Le développement durable se fera avec la contribution de tous. Les États seuls ne disposent pas de la capacité à réaliser l’agenda. Si les États ont pour responsabilité de faire et d’inciter à faire, ils ont aussi la nécessité d’animer et de savoir interagir avec les autres parties prenantes : collectivités territoriales, associations et acteurs économiques. Ils ont également la responsabilité d’inciter les acteurs, notamment les acteurs économiques à se mettre en conformité avec l’agenda. Fixer le cap, être stratège et catalyseur et assumer la forme partenariale pour faire. Les ODD se feront si la société entière est mise en mouvement et si la conscience de l’avenir et de la projection des politiques est la même du citoyen à l’élu.
Se rééduquer au temps long
L’agenda des ODD a pour lui la force de la vision et de la prévision ; nous l’avons longuement développé ici. Il a contre lui néanmoins la complexité qu’il assume, le caractère non contraignant qui est le sien, et le temps court qui s’est progressivement imposé comme celui du débat public et de la décision. Pourtant il offre un cadre idéal pour structurer enfin et prendre au sérieux la question du développement durable qui ne date pas des ODD.
L’immédiateté du résultat et du chiffre qui prime sur l’appréciation des effets dans le temps est perverse à divers égards, sans doute joue-t-elle contre lui. Il faut à nouveau se nourrir de visions partagées pour conduire nos politiques. On peut espérer qu’avec la prise de conscience mondiale qui a émergé en 2015 au moment de l’adoption des ODD ou de l’accord de Paris sur le Climat, nous soyons au début d’une inversion de la tendance.

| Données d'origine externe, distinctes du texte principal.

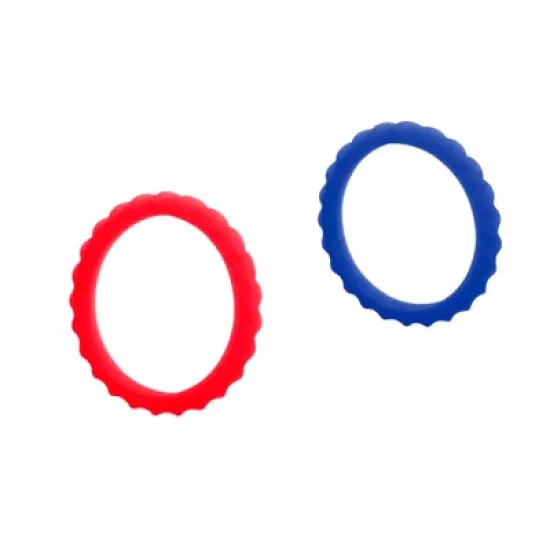 Chewigem Chewable Twister, Blue, Set of 2 image {5}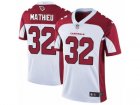 Mens Nike Arizona Cardinals #32 Tyrann Mathieu Vapor Untouchable Limited White NFL Jersey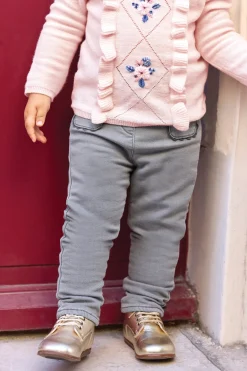 Tartine et Chocolat Jean Gris poches| Pantalons - Shorts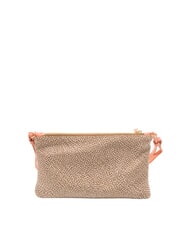 BORBONESE CLASSICA sac bandouli&egrave;re papaye beige/rouge - Sacs pour Femme - 4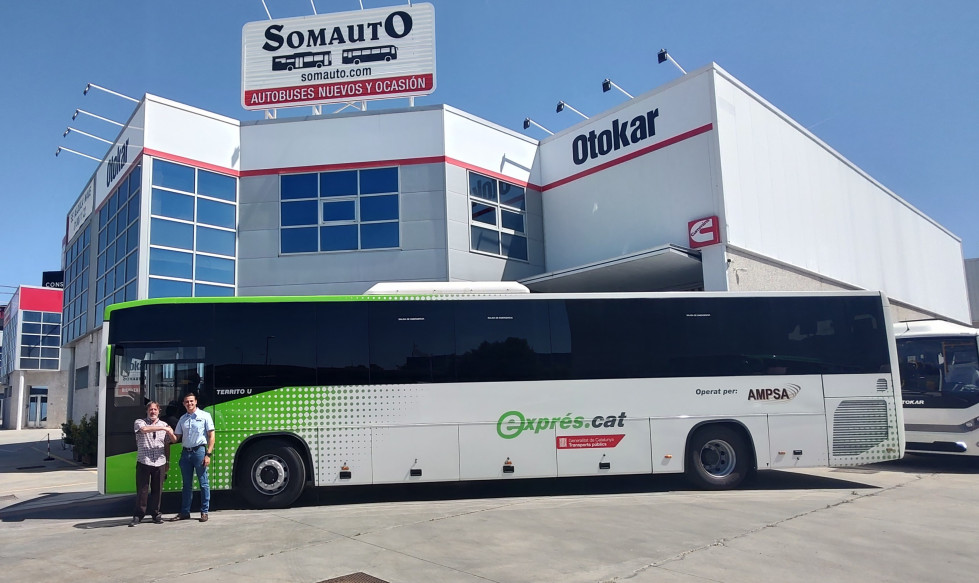 Somauto entrega un territo u de otoka  a ampsa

L’accroissement des exercices prospectifs comme aide au pilotage pourrait en être un indicateur. La conscience des milieux économiques que l’avenir ne pourra plus se faire avec les recettes du passé s’accroît. Les grands émergents touchent au bout d’une croissance folle, déséquilibrée socialement et écologiquement, et qui a fait les vingt dernières années, mais dont ils savent qu’elle ne pourra faire les vingt années suivantes.
Les ODD se feront si la société entière est mise en mouvement et si la conscience de l’avenir et de la projection des politiques est la même du citoyen à l’élu.

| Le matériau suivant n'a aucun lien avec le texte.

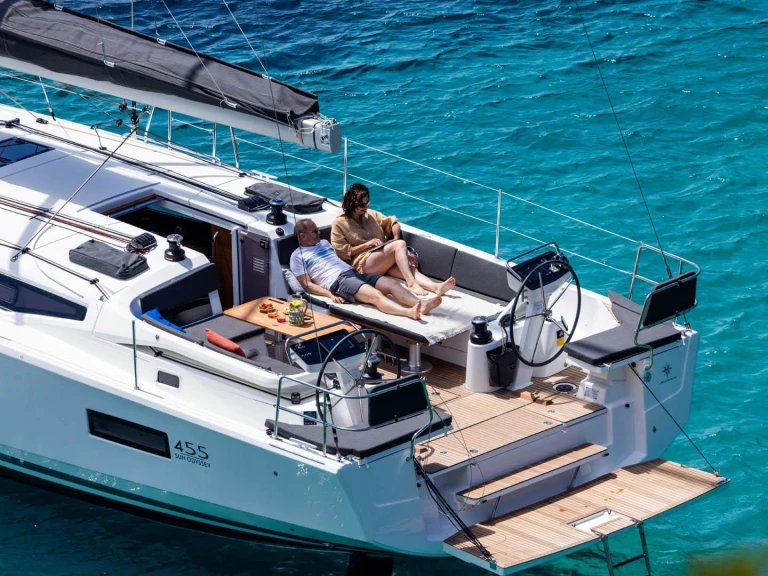 Noleggio barche Road Town economico Sun Odyssey 455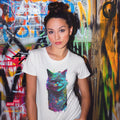 Grinse Katze - T-Shirt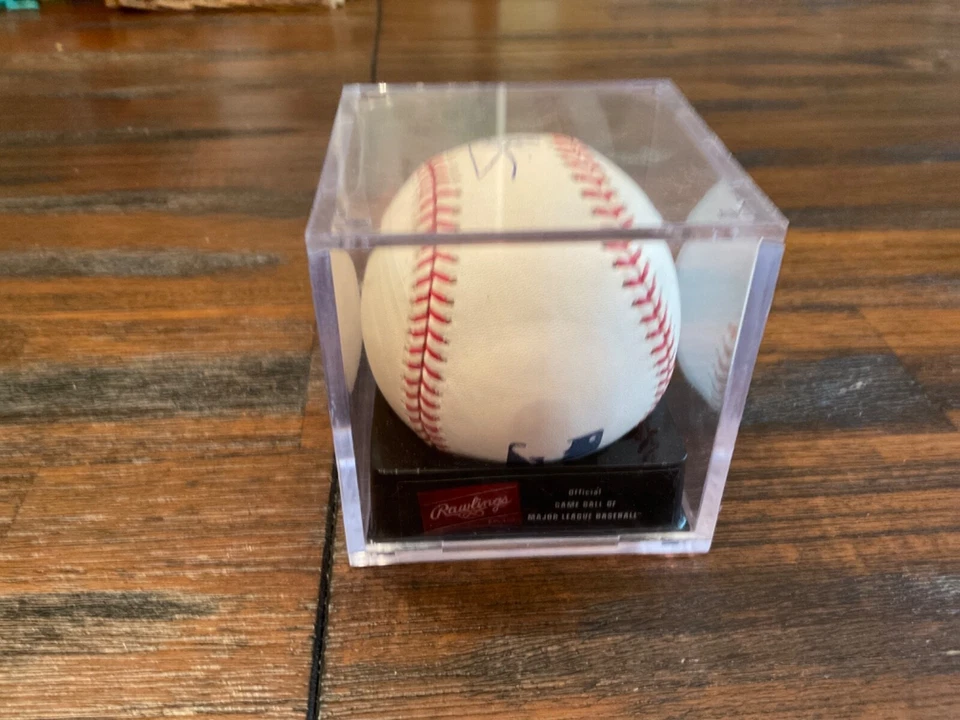 HAROLD BAINES RAWLINGS OFICIAL AUTOGRAFIADO FIRMADO BÉISBOL CHICAGO WHITE SOX Foto 2 de 4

La préoccupation des biens communs à l’échelle planétaire, ou de l’intérêt général comme nous le dirions en France, est réelle. Cela sera-t-il suffisant ? Ou suffisamment rapide pour inverser la tendance à temps ? Dans tous les cas, à défaut de savoir se prendre en main rapidement, il sera à craindre que la dégradation avancée de notre cadre de vie ne nous l’impose de force.
En définitive, les ODD posent la question de savoir comment continuer demain à faire de la croissance et de produire des richesses tout en réduisant la pauvreté et les inégalités, sans nuire à l’environnement. Équation difficile mais équation vitale s’il en est pour notre avenir à tous.